司法省、EU、英国による調査に加え、Googleは、同社が広告業界の競合他社や出版社に損害を与える独占的な経営を行っていると主張するケン・パクストン・テキサス州司法長官を中心とする米国諸州が提起した公判に備えている。
パクストン氏の訴訟だけ他と様子が違う。彼はトランプ氏支持と非常に近いことで知られる。2020年の大統領選後、パクストン氏はテキサス州司法長官として激戦州4州の選挙結果を無効と訴え(最高裁が棄却)、2021年1月6日の連邦議会議事堂襲撃事件の直前に開催された集会にも参加していた人物である。パクストン氏は職権乱用に関する連邦捜査局(FBI)の捜査を受けたり、2015年に起訴された証券詐欺疑惑に直面したりしたこともある人物だ。
Googleは、パクストン氏の訴えの棄却申し立てに対する裁判官の決定を待っているところだが、この訴えは「不正確なものばかりで、法的なメリットに欠ける」と反論している。
また、共和党のマイク・リー上院議員(ユタ州選出)率いる超党派の議員団は、5月に「デジタル広告における競争と透明性法案(the Competition and Transparency in Digital Advertising Act)」を提出している。この法案は、デジタル広告の収益が200億ドル以上の企業(基本的にはGoogleとMetaだ)がデジタル広告バリューチェーンの複数の部分を所有することを禁ずるものだ。
この法案が成立すると、Googleは、買い手か売り手か、あるいは両者の間で広告交換を行うかのいずれかを選択しなければならなくなる。
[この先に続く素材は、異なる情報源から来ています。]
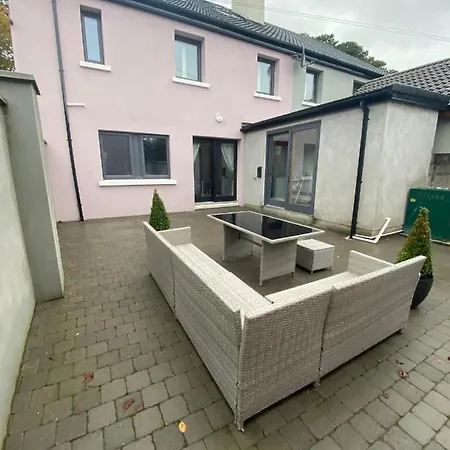 Gleanntan House - Beautiful Family Town House Killarney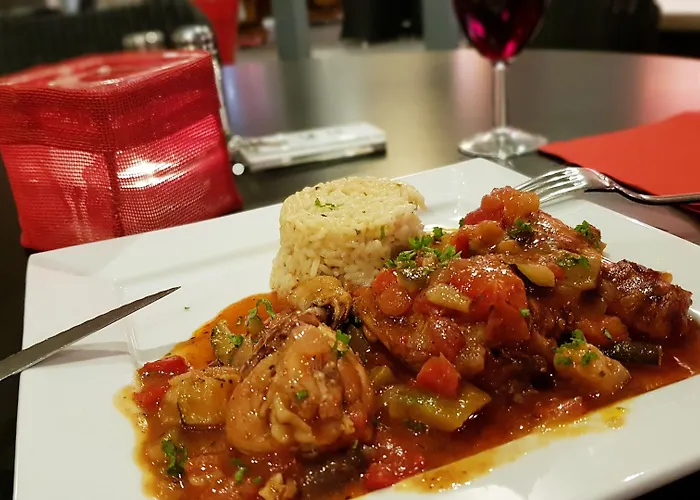 Golfe & Porto-vecchio Hotel Porto-Vecchio (Corsica)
Googleは現在、3つの部分すべてを所有しており、「市場を不当に操作するためにその力を使用している」という非難を受けている。
Googleが行ったとされる分割提案はこの「デジタル広告における競争と透明性法案」への整合性を意図している側面があるかもしれない。
欧州でもYou Tube広告取引のオープン化を提案
WSJの報道は、Googleの欧州での規制当局に対する提案にも光を当てている。Googleは、同社の広告部門を調査している欧州連合(EU) に対して、YouTubeに関連する反競争的行為の疑惑を解決するための申し出を行ったと、この問題に詳しい一部の関係者の談話をWSJは紹介した。
その申し出の一環として、Googleは競合他社が動画サービス上で直接広告の販売を仲介することを認めることだという。現在はGoogleのプラットフォーム以外を通じて、広告の売買を行うことはできない。
欧州議会は先週火曜日、約2年にわたる法的論争の末、デジタル市場法(DMA)とデジタルサービス法(DSA)を可決した。この2つの法律が承認されたことで、この措置は欧州理事会に移され、可決されることになる。今後数カ月で承認されると予想されるが、DMAとDSAはEU諸国で実施され、実行に移されることになる。なお、どちらの法律も、早くても2024年1月1日までは施行されない。
Googleの申し出は、予定されるこの2つの法律の施行を勘案したものと考えられる。